TASK BRIEF:
Word for word, restate the lines from the one holding "Roma - Mahmutlar - Galaxy Beach Hotel Alanya" through the last line of the material below, and leave every picture out.

GIVEN MATERIAL:
____
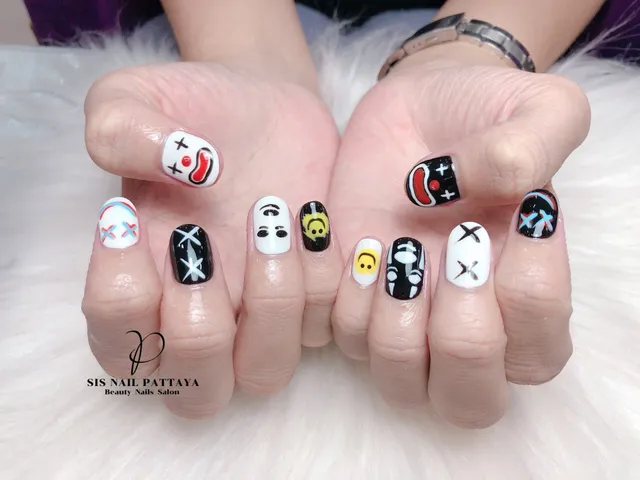 ร้าน SIS NAIL สาขา 2 ซ สยาม ทำเล็บ ต่อขนตา สอนทำเล็บพัทยา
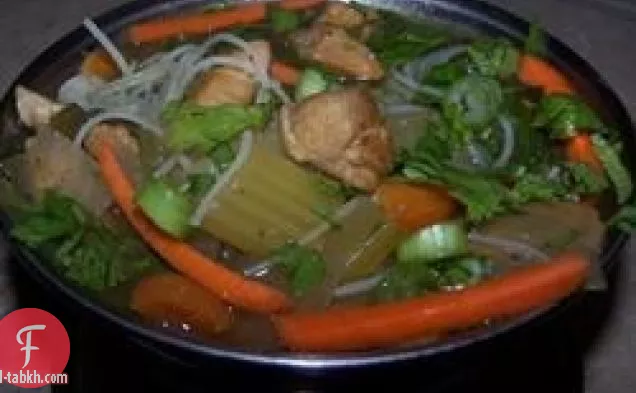 حساء المعكرونة التايلاندية بالدجاج الحار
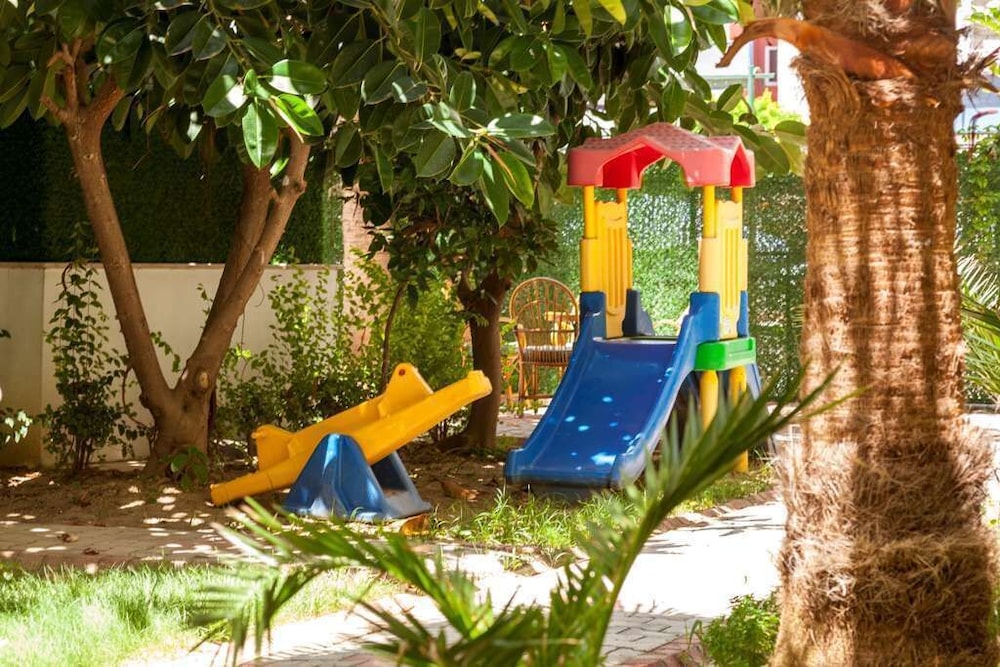 

Roma - Mahmutlar - Galaxy Beach Hotel Alanya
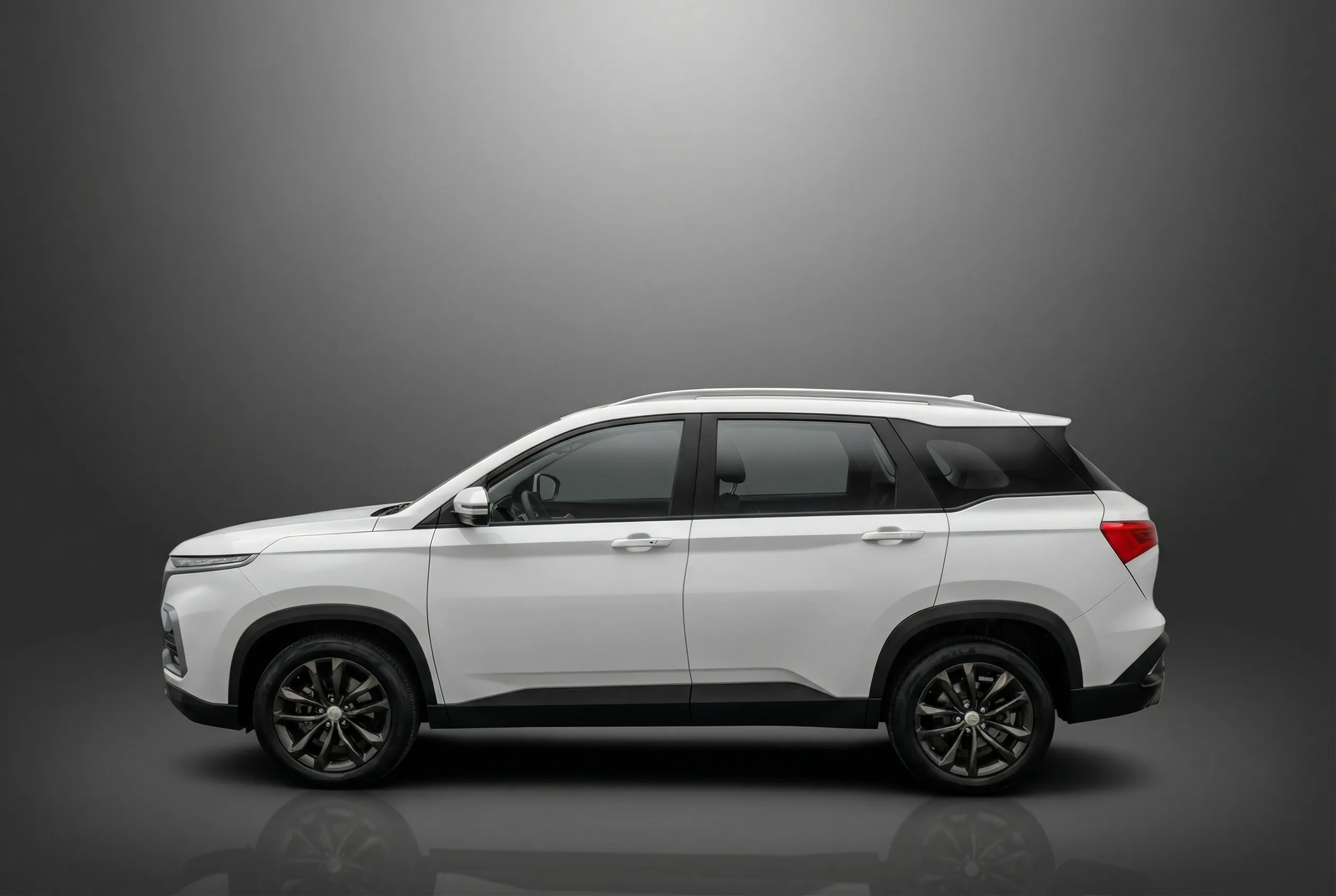 Chevrolet Captiva 2023 White rental in Dubai thumbnail 2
____
TASK RESPONSE:
Roma - Mahmutlar - Galaxy Beach Hotel Alanya
 Chevrolet Captiva 2023 White rental in Dubai thumbnail 2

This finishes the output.